The means and medians look very nearly the same for the two schools. The formal test has P-value $0.6723 > 0.05$ so the difference is not significant at the 5% level. For samples as large as these, the implementation of the Wilcoxon rank sum test in R, reports no difficulty handling ties.

` wilcox.test(a,b) Wilcoxon rank sum test with continuity correction data: a and b W = 61350, p-value = 0.6723 alternative hypothesis: true location shift is not equal to 0 `

**Chisquared test of homogeneity of probabilities:** Counts are

`f.a = c(150, 50, 30, 20, 5, 80) f.b = c(175, 40, 30, 15, 10, 90) MAT = rbind(f.a, f.b); MAT [,1] [,2] [,3] [,4] [,5] [,6] f.a 150 50 30 20 5 80 f.b 175 40 30 15 10 90 `

I agree with @Glen_b that the Wilcoxon test is best here, because the issue seems to be which school had the higher scores overall. However, the chi-squared test will test whether the probabilities of getting individual scores 0 through 5 are substantially the same at the two schools. No difference between the two distributions is found.
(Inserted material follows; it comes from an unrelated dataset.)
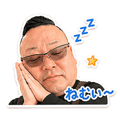 842755812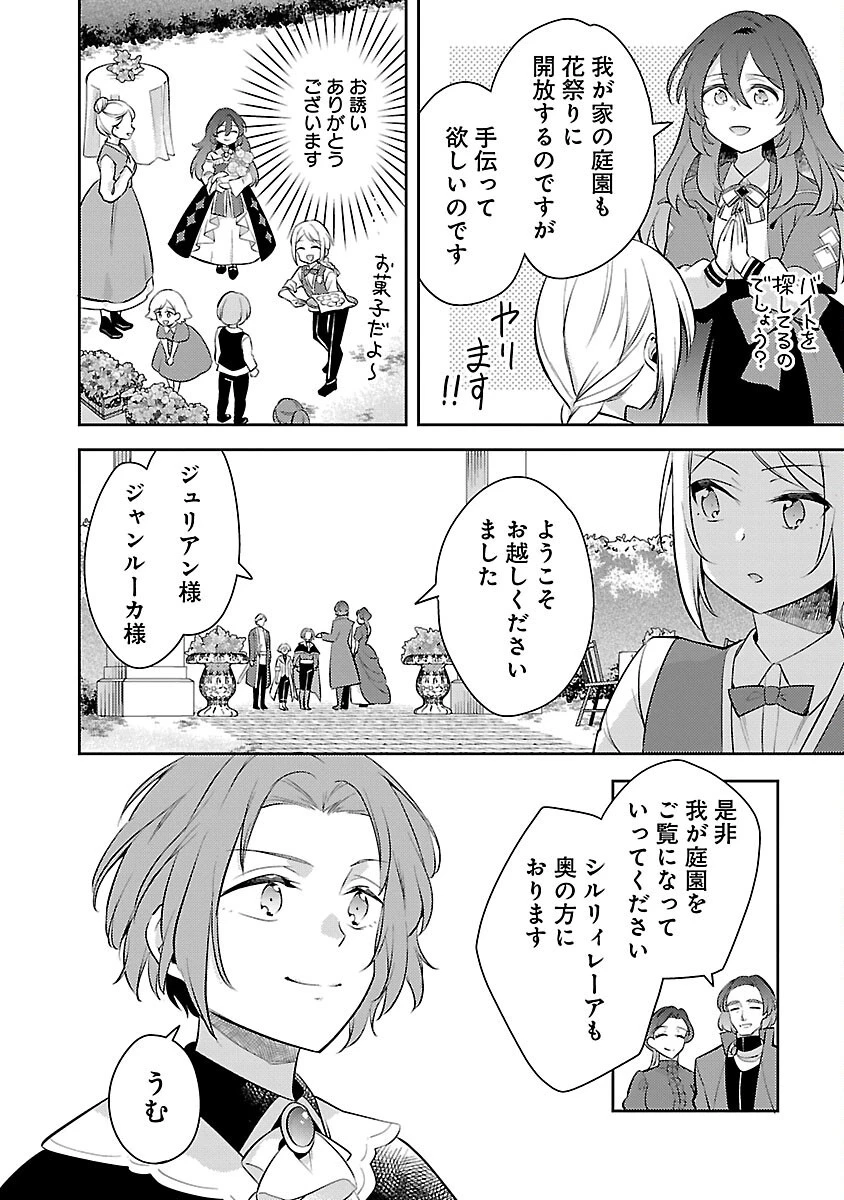 悪役令嬢の兄に転生しました 第21話 - 14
`chisq.test(MAT) Pearson's Chi-squared test data: MAT X-squared = 5.1107, df = 5, p-value = 0.4025 `

**Kolmogorov-Smirnov test of of differences in CDFs:**

This is a test to see if there is a substantial difference between the empirical CDFs (ECDFs) of the two samples. To make an ECDF, sort the data and plot a stairstep function that increases by $1/n,$ where $n$ is the sample size, at each data value. If there are $k$ tied observations at a point, then jump up by $k/n.$ Here are the ECDFs of for the two schools, blue for a and orange for b.

`plot(ecdf(a), col="blue", lwd=2) lines(ecdf(b), col="orange", lty="dotted", pch="o") `

The test statistic $D$ of the K-S test is the maximum vertical distance between the two ECDFs. Again here, no significant difference is found. For your data, this test may be considered an alternative to the chi-squared test.

`ks.test(a,b) Two-sample Kolmogorov-Smirnov test data: a and b D = 0.03835, p-value = 0.9605 alternative hypothesis: two-sided Warning message: In ks.test(a, b) : p-value will be approximate in the presence of ties `